Exercise
In the entries that follow, find the line containing "Entre art et" and the line containing "17394 Camellia St, Kiln, MS 39556", then retype exactly the lines from the first through the second, pictures excluded.

Records
┌────────

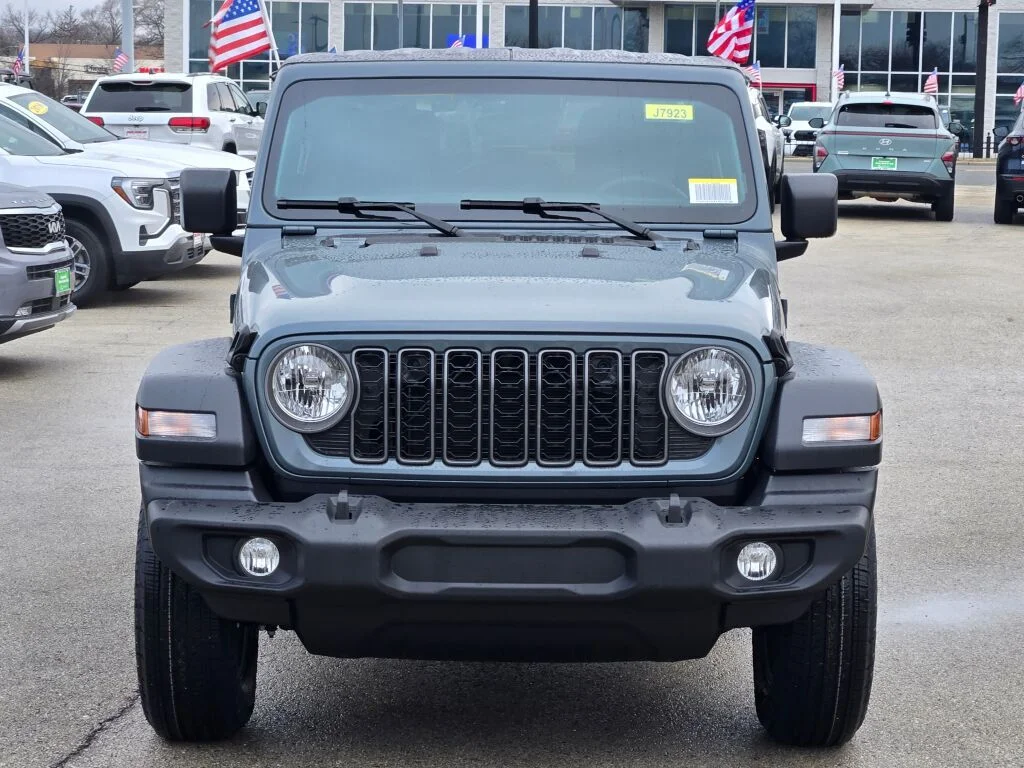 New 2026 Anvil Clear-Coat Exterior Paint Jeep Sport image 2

└────────
┌────────

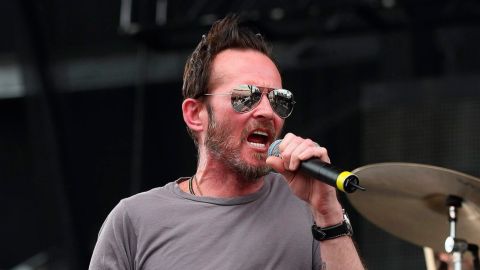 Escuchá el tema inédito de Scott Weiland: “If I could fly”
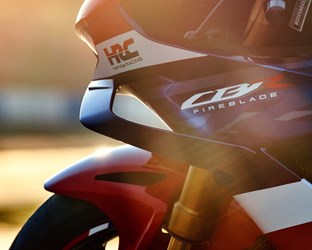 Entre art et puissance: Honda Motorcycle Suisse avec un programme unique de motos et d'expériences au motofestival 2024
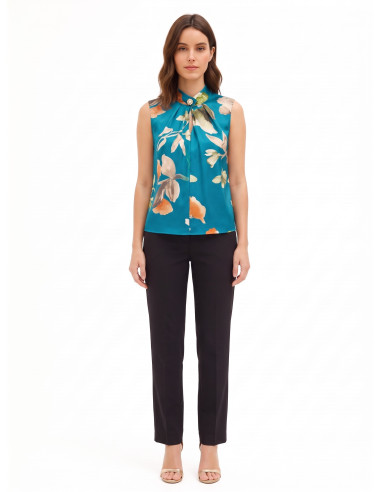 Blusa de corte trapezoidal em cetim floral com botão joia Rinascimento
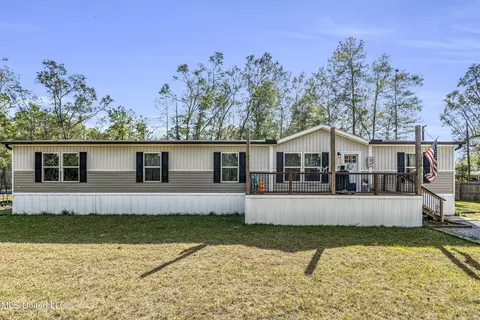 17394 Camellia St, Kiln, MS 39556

└────────

Task response
 Entre art et puissance: Honda Motorcycle Suisse avec un programme unique de motos et d'expériences au motofestival 2024
 Blusa de corte trapezoidal em cetim floral com botão joia Rinascimento
 17394 Camellia St, Kiln, MS 39556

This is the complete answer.